SOLID approach to development - dime-worldbank/Disease-Modelling-SSA GitHub Wiki

SOLID code

SOLID is a code design principle that aims to a code base maintainable, more readable and easier to extend and develop features in the future.


S - single responsibility principle. A class should have one and only one reason to change.

In your code, there should be a place for everything and everything should be in it's place. Meaning that if you had for example, a class which was responsible for producing output files (in this codebase this is handled by Logging.java), then the only part of your code base that should produce an output file is the class responsible for producing output files.

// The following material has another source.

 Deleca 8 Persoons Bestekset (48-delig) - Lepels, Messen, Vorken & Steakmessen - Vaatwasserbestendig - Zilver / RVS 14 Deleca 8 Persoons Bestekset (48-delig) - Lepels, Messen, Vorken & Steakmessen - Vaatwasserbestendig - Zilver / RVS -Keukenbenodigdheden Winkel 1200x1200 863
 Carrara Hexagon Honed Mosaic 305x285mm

Following from this, if you then wanted to create an additional output file or edit an existing one, you would know exactly which file to look at in order to make your changes.

This does not only apply to classes, the same principle will also apply to methods/functions.


O - open/closed principle. An entity should be open for extension but closed for modification.

If you want to develop a new feature in the code base, you should aim to create new code which can be separated from the current code base, rather than editing the existing code base. This practice will ensure that the existing functionality of your code is preserved.

This principle helps develop a stable code base through a process of testing the code's existing functionalities with each additional change made to the code base.


L - Liskov substitution principle. Let f(x) be a property provable about objects x of type T. Then f(y) should be provable for object y of type S where S is a subtype of T.

"A subtype should behave as a supertype as far as you can tell using the supertype methods. It's not that the subtype can't behave differently, but as long as you limit your interactions to the supertype methods you would get the behaviours you expected." - Liskov herself, see https://www.youtube.com/watch?v=-Z-17h3jG0A

In our context we can explain this with an example. Say that we developed another disease model as part of this project, for example Tuberculosis. Both diseases could be represented in s SEIR modelling framework, however despite their similarities we would expect differences in health outcomes (i.e. death rates) and even behaviours (for example quarantining after a positive COVID test).

Both diseases would make use of the susceptible, exposed, infected, recovered and death nodes that exist in the model, borrowed from a disease supertype. The differences in the diseases would be attributable to the disease subtypes.


I - interface segregation principle. No code should be forced to depend on methods it does not use.

Larger interfaces should be split into smaller, specific ones so that the user will only have to use the interfaces and inherited methods that are relevant to what they intend to do with the code.

For example, imagine we wish to model two diseases in a population. One disease is communicable, meaning that it is spread from person to person (for example COVID). The other disease in non-communicable, meaning that infection cannot pass from one person to the other (for example cancers). Both diseases may share disease states, such as being susceptible, infected and passing away from their respective diseases, so we could design interfaces that both these disease could make use of. But we shouldn't represent the non-communicable disease with a communicable disease framework as an infect other people method would not be used.


D - dependency inversion principle. High level modules should not depend on low level modules. Both should depend on abstractions.

When we have one section of the code interacting with and making changes to another (for example, infections interacting with people). We can end up developing rigid code.

For example, in the current state of the model, the infection class is tailored only to COVID infections. If we were to include a new disease, we could not make use of the model's existing infectious behaviour nodes as the progression from state to state is currently written such that it only applies to COVID infections. To make the codebase flexible and easier to include more diseases in the future, we could develop abstractions of commonly used methods (for example spreading the disease from person to person, or dying from a diseased) that could be used by multiple diseases.